## What to produce
The line with "Toyota Corolla SE-Saloon" starts the range, and the last line of the listing ends it. Retype that range exactly, without pictures.

--------

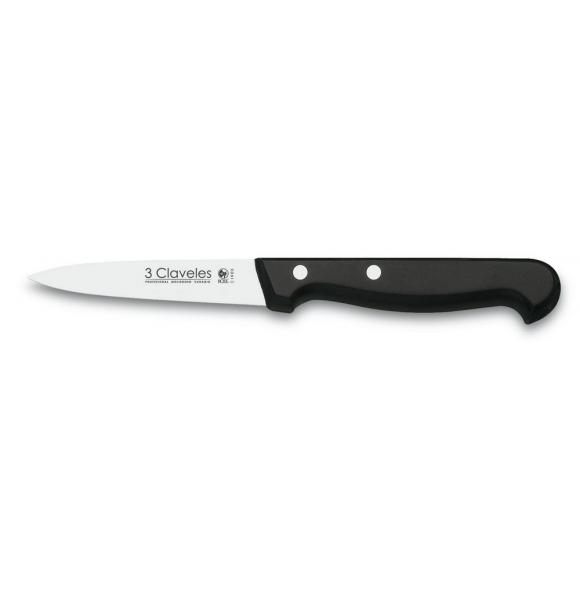 CUCHILLO PARA VERDURAS 9CM 3 CLAVELES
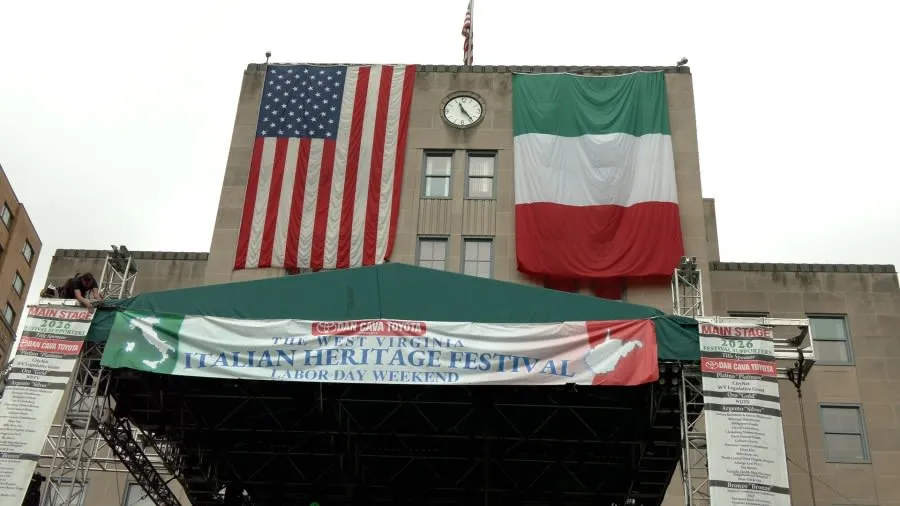 Clarksburg Italian Heritage Festival Overcomes Storm Delays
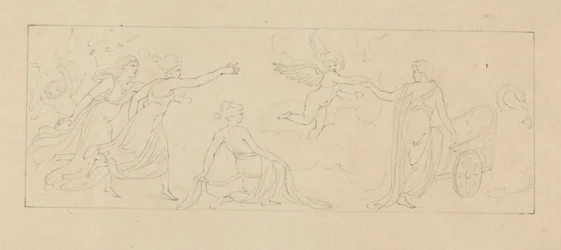 Allegorisk Scene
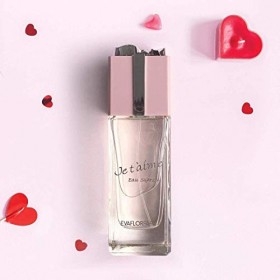 EVAFLORPARIS Je taime Eau Suprême Coffret cadeau pour femme Eau de Parfum 100 ml + Miniature 10 ml + Vapo de Sac 12 ml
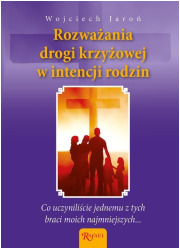Rozważania Drogi Krzyżowej w intencji - okładka książki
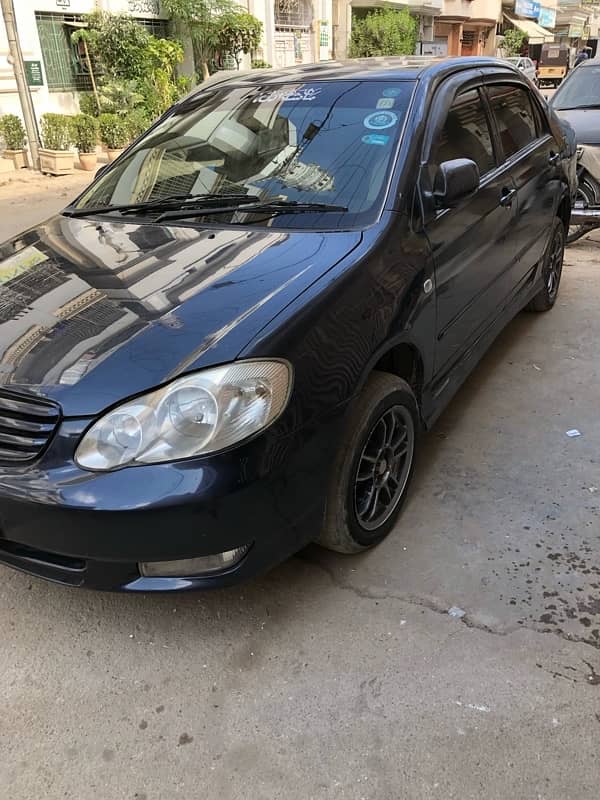 Toyota Corolla SE-Saloon 2005 Model Manual Transmission 11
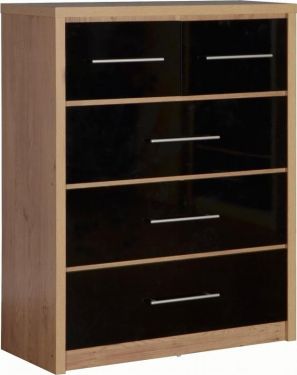Click Here To Enlarge This Photo Of Seville 3+2 drawer chest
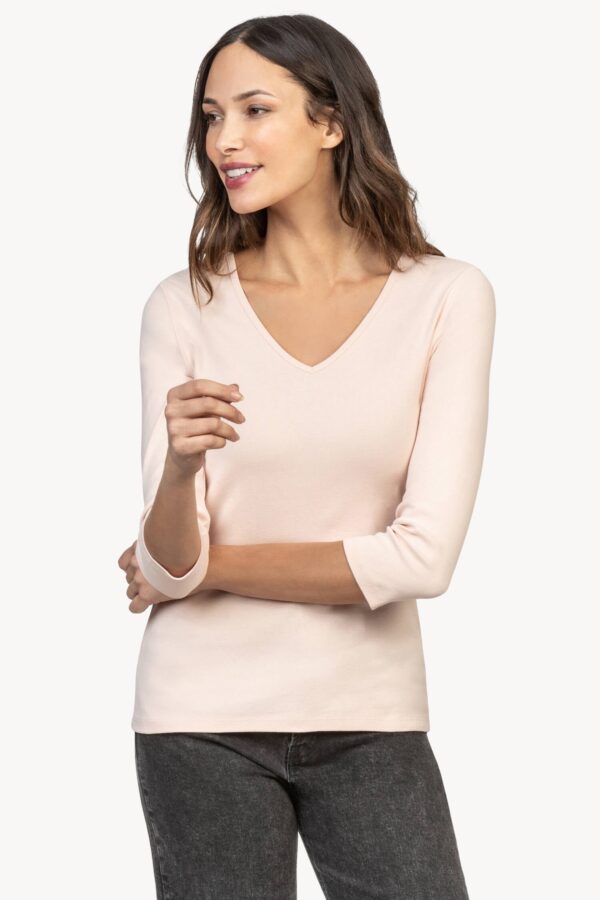 3/4 Sleeve V-Neck - Image 29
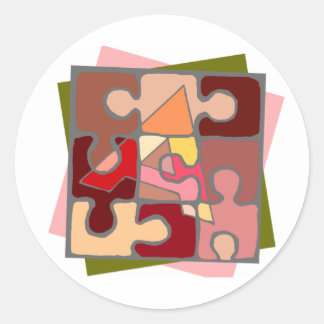 Autismebewustzijn stickers
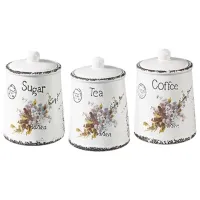 Набор для специй Maestro Mr-20049-03CS Керамика / Белый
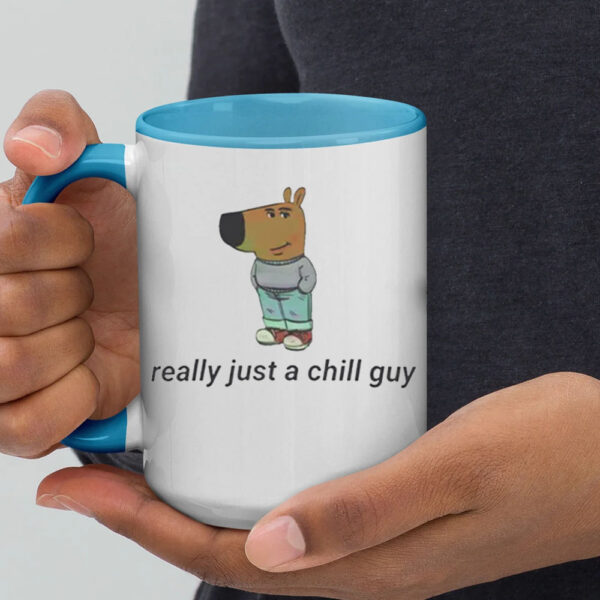 Really Just A Chill Guy Mug1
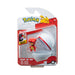 Pokémon Clip ‘N’ Go Magby and Premier Ball Includes 2-Inch Battle Figure and Premier Ball Accessory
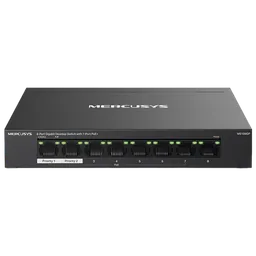 PoE Switch Mercusys MS108GP Black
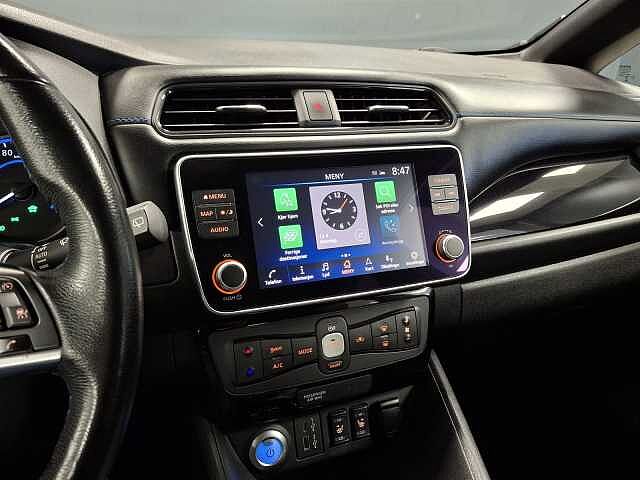 Nissan Leaf N-Connecta med delskinn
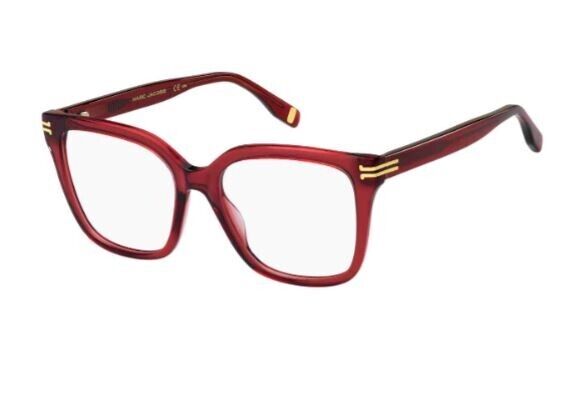 Marc-Jacobs MJ-1038 0LHF/00 Burgundy Square Women's Eyeglasses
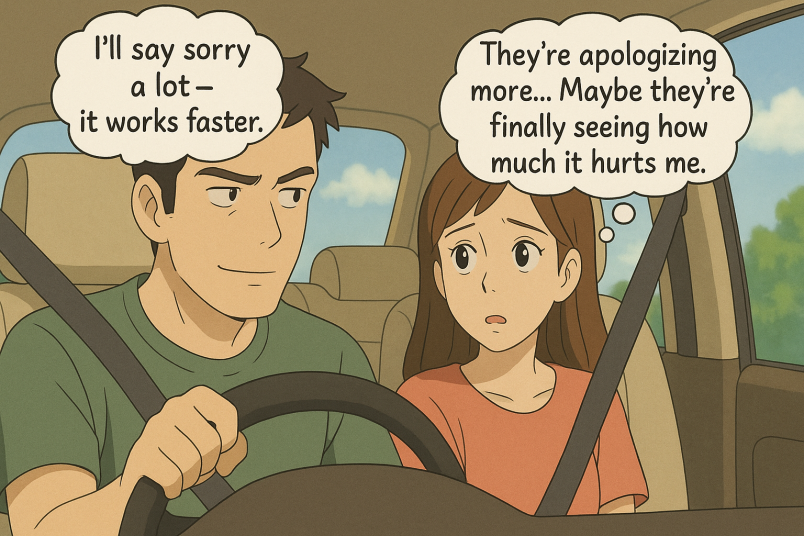 They’re Suddenly Over-Apologizing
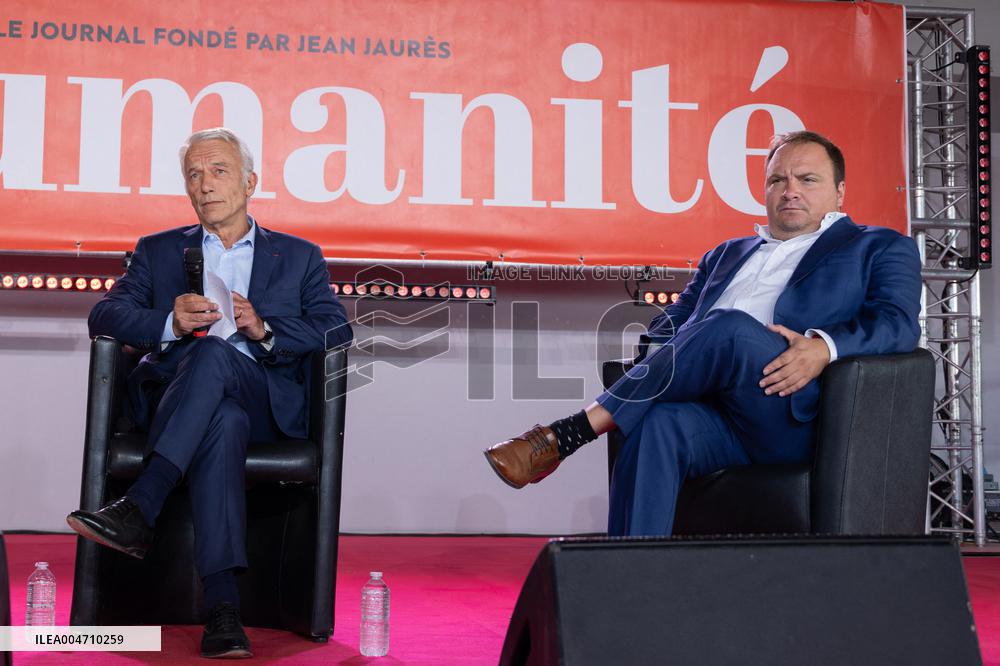 Fete De L‘Humanite 2025 Day 1 NB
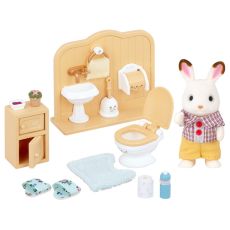 ست سرویس دستشویی به همراه عروسک خرگوش Sylvanian Families, image 3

--------

## Answer to this task
 Toyota Corolla SE-Saloon 2005 Model Manual Transmission 11
Click Here To Enlarge This Photo Of Seville 3+2 drawer chest
 3/4 Sleeve V-Neck - Image 29
 Autismebewustzijn stickers
 Набор для специй Maestro Mr-20049-03CS Керамика / Белый
 Really Just A Chill Guy Mug1
 Pokémon Clip ‘N’ Go Magby and Premier Ball Includes 2-Inch Battle Figure and Premier Ball Accessory
 PoE Switch Mercusys MS108GP Black
 Nissan Leaf N-Connecta med delskinn
 Marc-Jacobs MJ-1038 0LHF/00 Burgundy Square Women's Eyeglasses
 They’re Suddenly Over-Apologizing
 Fete De L‘Humanite 2025 Day 1 NB
 ست سرویس دستشویی به همراه عروسک خرگوش Sylvanian Families, image 3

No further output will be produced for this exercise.